Education policymakers have filled the vacuum with a knowledge and skills definition of “educated,” because it is useful, not because it is deep. Standardized tests, that supposedly measure knowledge and skills, are used to hold teachers accountable.
This is unfortunate because it moves education away from a virtue definition of “educated.” Philosophical insight, however, tells us that virtue leads to knowledge and skills, but knowledge and skills don’t lead to virtue. America’s position in the world is not jeopardized because graduates lack knowledge and skills, but because they lack the six virtues of the educated person,
Recent history provides examples of how the vices of our uneducated human nature (ignorance, intellectual incompetence, weakness, fear, pride and selfishness) have damaged our national life and reputation. The political and business leaders responsible for military appropriations scandals, Enron, the Savings and Loan bailout, the mortgage crisis, the BP oil spill, and our involvement in Middle East wars are uneducated in the most profound sense of the term. Their actions demonstrate the vices of our uneducated nature. Their knowledge and skills have no value because they don’t make the world better.
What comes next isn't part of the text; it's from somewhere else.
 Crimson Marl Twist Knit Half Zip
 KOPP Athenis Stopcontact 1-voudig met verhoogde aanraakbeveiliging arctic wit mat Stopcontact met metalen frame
The outlook for improving American public education is dreary as long as we fail to define what it means to be educated and as long as we believe more research is needed. My blogs in the “Teacher Reads,” “I Love Irony,” and the “NurtureShlock” categories explain that a deep, meaningful philosophy is more useful than research findings. The good news is that, as soon as we embrace the six-virtue definition of the educated person, the path to educational improvement is clear — model and teach those virtues.
That is why I am seeking other deep, useful definitions. They should be “deep” because they are supposed to inspire us to greater depths of teaching and learning. They should be useful because, if they aren’t, they won’t tell us how to deal with a wide range of classroom and school situations. If they can’t guide action, what good are they?